During our holiday hiatus, the Washington Post published an article looking back at OSHA during the Bush years. R. Jeffrey Smith writes:
[During the Bush administration], political appointees ordered the withdrawal of dozens of workplace health regulations, slow-rolled others, and altered the reach of its warnings and rules in response to industry pressure.
The result is a legacy of unregulation common to several health-protection agencies under Bush: From 2001 to the end of 2007, OSHA officials issued 86 percent fewer rules or regulations termed economically significant by the Office of Management and Budget than their counterparts did during a similar period in President Bill Clinton’s tenure, according to White House lists.
The administration scrapped or delayed regulations on tuberculosis, crystalline silica, ionizing radiation, and ergonomics – and presided over a declining field staff while finding money in the budget for a $112-an-hour consultant to help “shift OSHA from a culture of inspections to less confrontational ‘compliance assistance.’” Our regular readers know just how dangerous a culture of “compliance assistance” can be.
In other news:
New York Times: Over the last three years, nine members of the Fourth Brigade Combat Team of Fort Carson, Colorado have killed someone or been charged with killing someone after returning from Iraq.
The Scientist: Scientists studying dust particles from Iraq have identified dozens of isolates, including bacteria and fungi, in an attempt to learn more about why more than two-thirds of soldiers returning from Iraq experience at least one occurrence of respiratory illness (via Effect Measure).

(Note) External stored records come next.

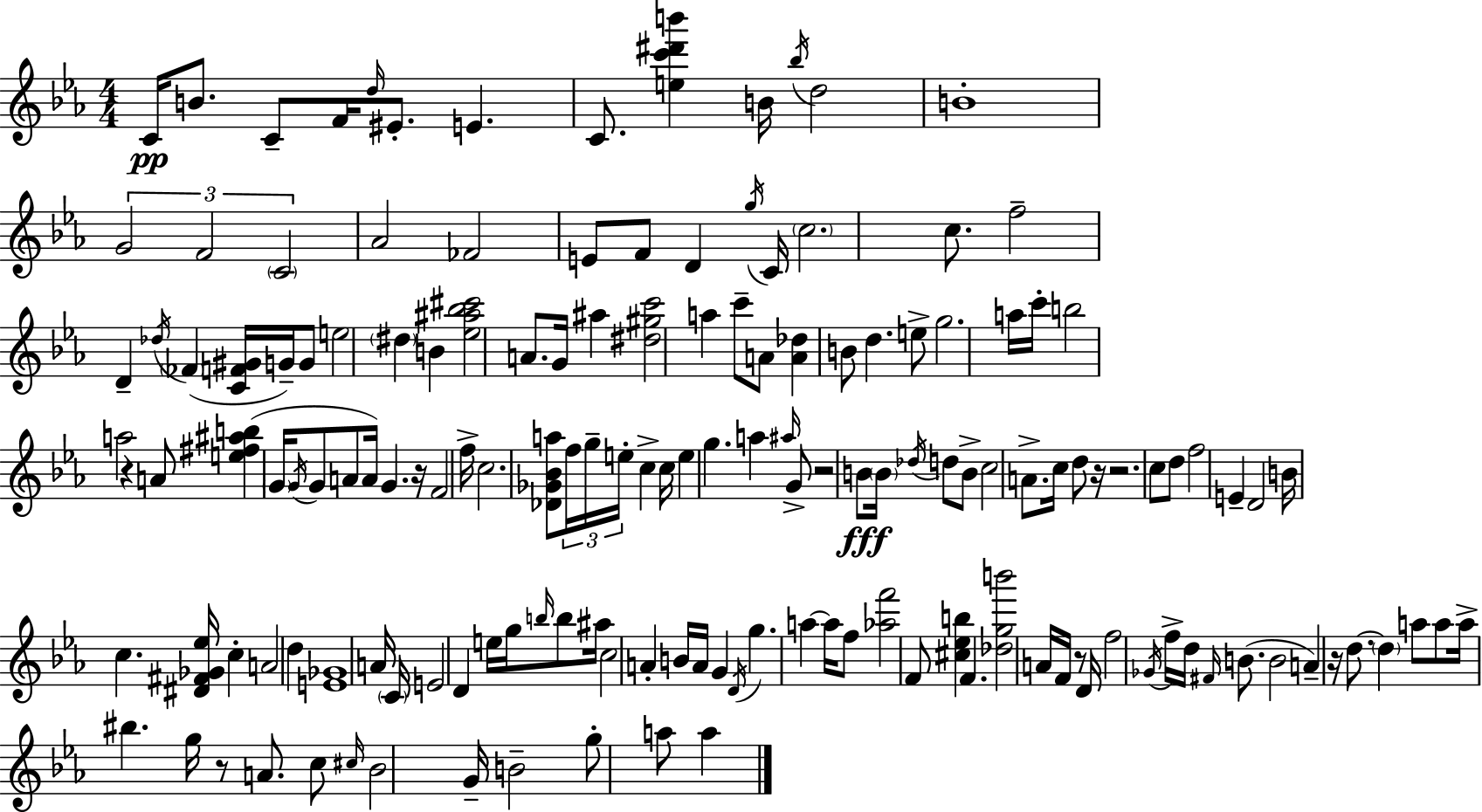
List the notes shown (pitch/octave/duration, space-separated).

C4/s B4/e. C4/e F4/s D5/s EIS4/e. E4/q. C4/e. [E5,C6,D#6,B6]/q B4/s Bb5/s D5/h B4/w G4/h F4/h C4/h Ab4/h FES4/h E4/e F4/e D4/q G5/s C4/s C5/h. C5/e. F5/h D4/q Db5/s FES4/q [C4,F4,G#4]/s G4/s G4/e E5/h D#5/q B4/q [Eb5,A#5,Bb5,C#6]/h A4/e. G4/s A#5/q [D#5,G#5,C6]/h A5/q C6/e A4/e [A4,Db5]/q B4/e D5/q. E5/e G5/h. A5/s C6/s B5/h A5/h R/q A4/e [E5,F#5,A#5,B5]/q G4/s G4/s G4/e A4/e A4/s G4/q. R/s F4/h F5/s C5/h. [Db4,Gb4,Bb4,A5]/e F5/s G5/s E5/s C5/q C5/s E5/q G5/q. A5/q A#5/s G4/e R/h B4/e B4/s Db5/s D5/e B4/e C5/h A4/e. C5/s D5/e R/s R/h. C5/e D5/e F5/h E4/q D4/h B4/s C5/q. [D#4,F#4,Gb4,Eb5]/s C5/q A4/h D5/q [E4,Gb4]/w A4/s C4/s E4/h D4/q E5/s G5/s B5/s B5/e A#5/s C5/h A4/q B4/s A4/s G4/q D4/s G5/q. A5/q A5/s F5/e [Ab5,F6]/h F4/e [C#5,Eb5,B5]/q F4/q. [Db5,G5,B6]/h A4/s F4/s R/e D4/s F5/h Gb4/s F5/s D5/s F#4/s B4/e. B4/h A4/q R/s D5/e. D5/q A5/e A5/e A5/s BIS5/q. G5/s R/e A4/e. C5/e C#5/s Bb4/h G4/s B4/h G5/e A5/e A5/q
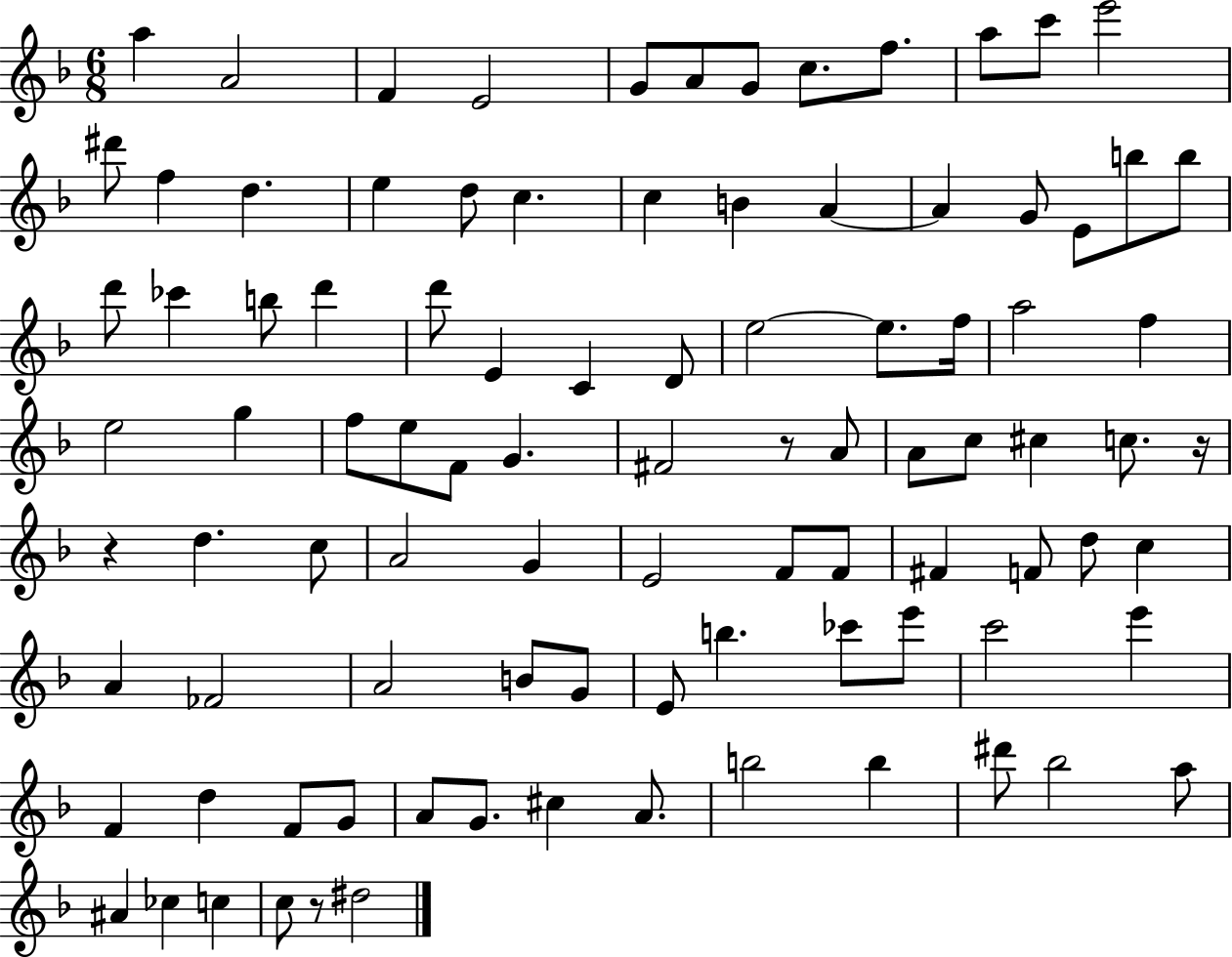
A5/q A4/h F4/q E4/h G4/e A4/e G4/e C5/e. F5/e. A5/e C6/e E6/h D#6/e F5/q D5/q. E5/q D5/e C5/q. C5/q B4/q A4/q A4/q G4/e E4/e B5/e B5/e D6/e CES6/q B5/e D6/q D6/e E4/q C4/q D4/e E5/h E5/e. F5/s A5/h F5/q E5/h G5/q F5/e E5/e F4/e G4/q. F#4/h R/e A4/e A4/e C5/e C#5/q C5/e. R/s R/q D5/q. C5/e A4/h G4/q E4/h F4/e F4/e F#4/q F4/e D5/e C5/q A4/q FES4/h A4/h B4/e G4/e E4/e B5/q. CES6/e E6/e C6/h E6/q F4/q D5/q F4/e G4/e A4/e G4/e. C#5/q A4/e. B5/h B5/q D#6/e Bb5/h A5/e A#4/q CES5/q C5/q C5/e R/e D#5/h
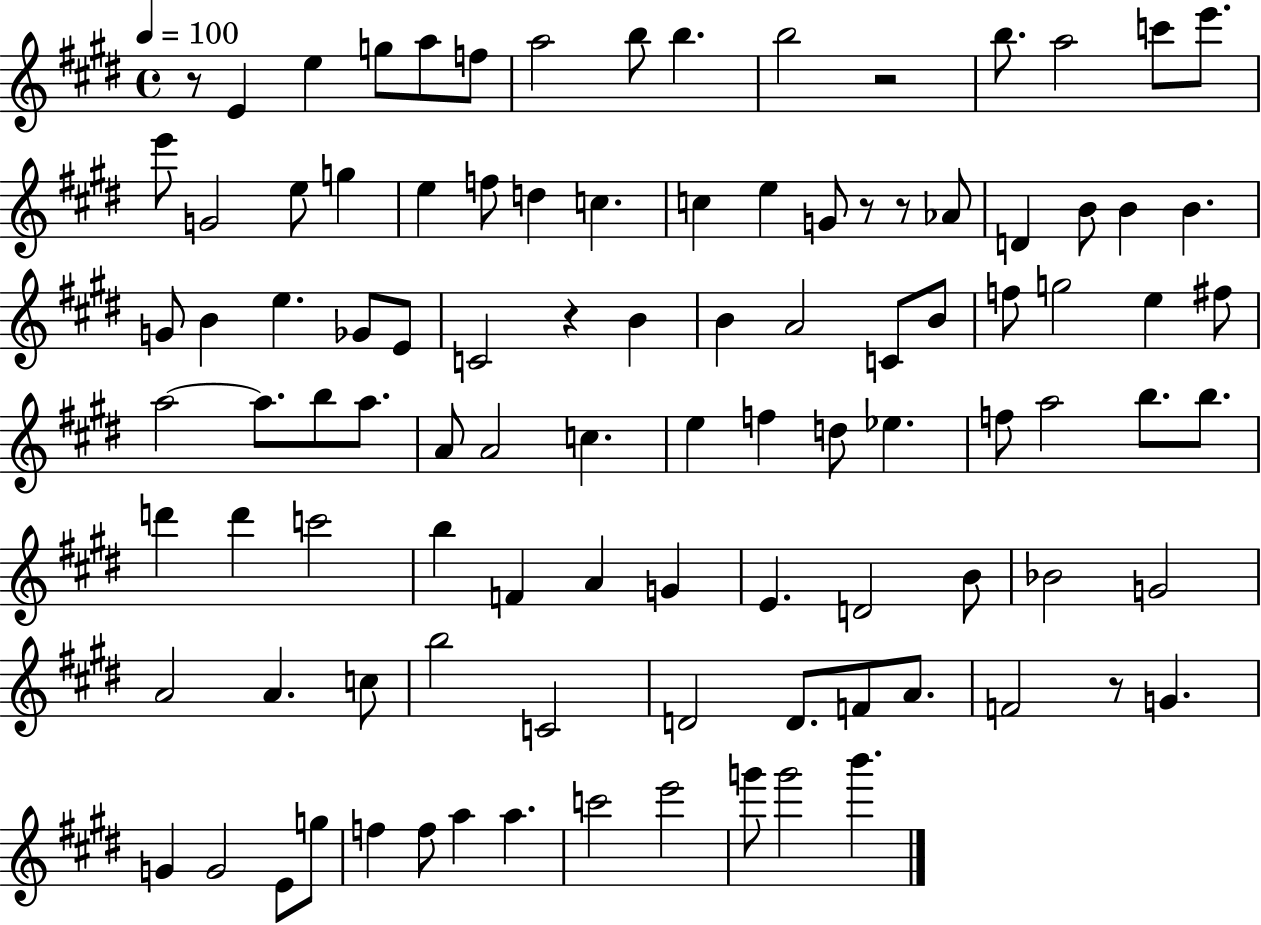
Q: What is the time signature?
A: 4/4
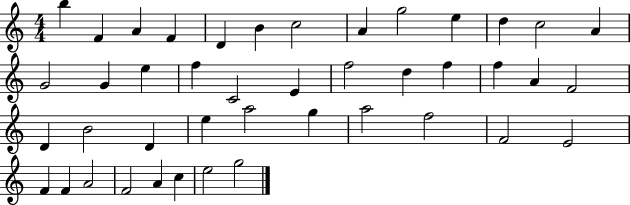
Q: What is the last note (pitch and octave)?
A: G5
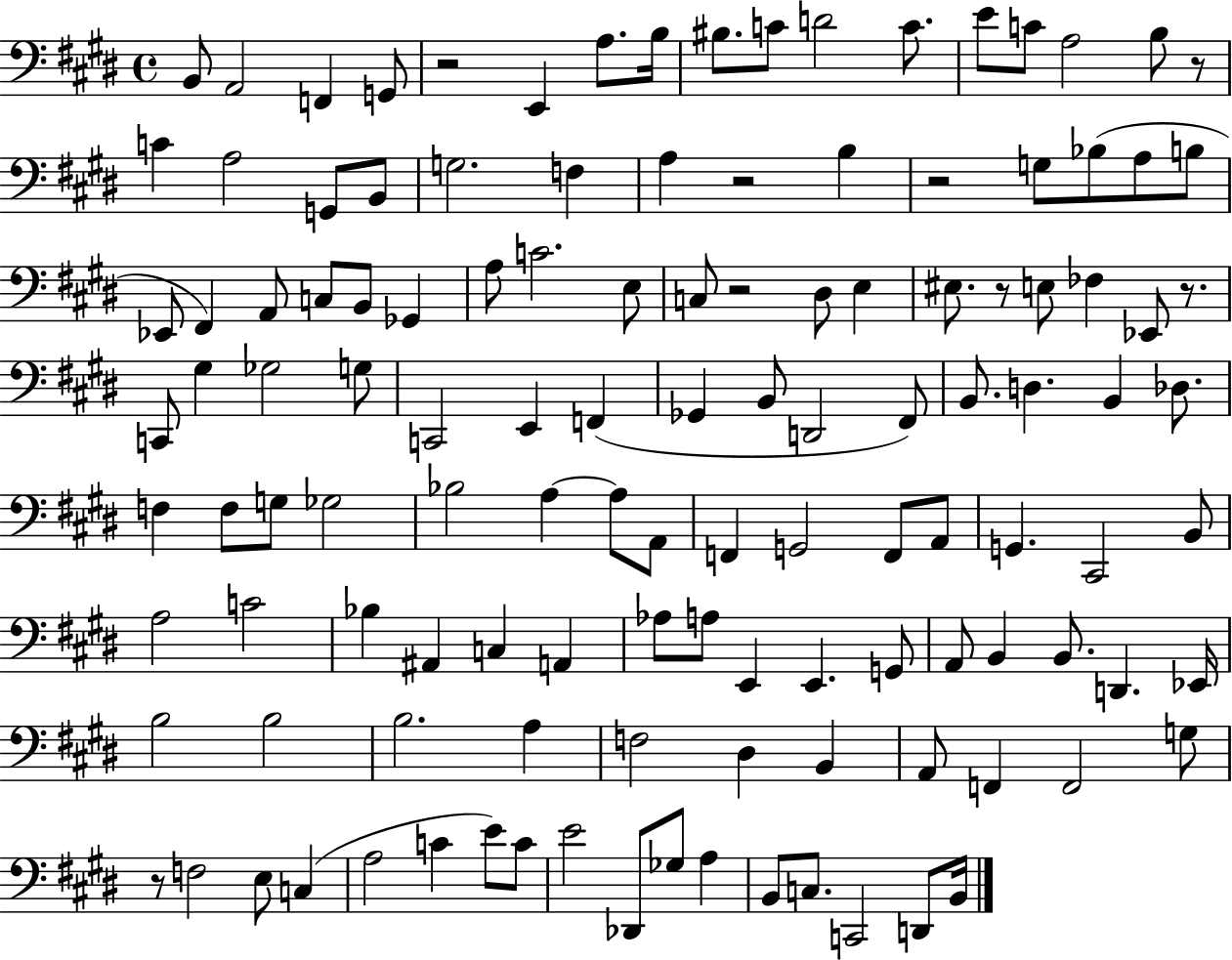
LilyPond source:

{
  \clef bass
  \time 4/4
  \defaultTimeSignature
  \key e \major
  b,8 a,2 f,4 g,8 | r2 e,4 a8. b16 | bis8. c'8 d'2 c'8. | e'8 c'8 a2 b8 r8 | \break c'4 a2 g,8 b,8 | g2. f4 | a4 r2 b4 | r2 g8 bes8( a8 b8 | \break ees,8 fis,4) a,8 c8 b,8 ges,4 | a8 c'2. e8 | c8 r2 dis8 e4 | eis8. r8 e8 fes4 ees,8 r8. | \break c,8 gis4 ges2 g8 | c,2 e,4 f,4( | ges,4 b,8 d,2 fis,8) | b,8. d4. b,4 des8. | \break f4 f8 g8 ges2 | bes2 a4~~ a8 a,8 | f,4 g,2 f,8 a,8 | g,4. cis,2 b,8 | \break a2 c'2 | bes4 ais,4 c4 a,4 | aes8 a8 e,4 e,4. g,8 | a,8 b,4 b,8. d,4. ees,16 | \break b2 b2 | b2. a4 | f2 dis4 b,4 | a,8 f,4 f,2 g8 | \break r8 f2 e8 c4( | a2 c'4 e'8) c'8 | e'2 des,8 ges8 a4 | b,8 c8. c,2 d,8 b,16 | \break \bar "|."
}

Newsday: The Manhattan District Attorney has charged contractor William Moretti with second-degree manslaughter and criminally negligent homicide related to the crane collapse that killed seven people in New York last March.
Sydney Morning Herald: Thousands of Australian sailors may have been exposed to asbestos because the Navy has continued to use parts containing asbestos, even though their use has been prohibited since the end of 2003.
NIOSH: When used in conjunction with seatbelts, Roll-Over Protective Structures in tractors can help prevent deaths and disabilities in tractor rollovers – the leading cause of occupational agricultural deaths in the U.S.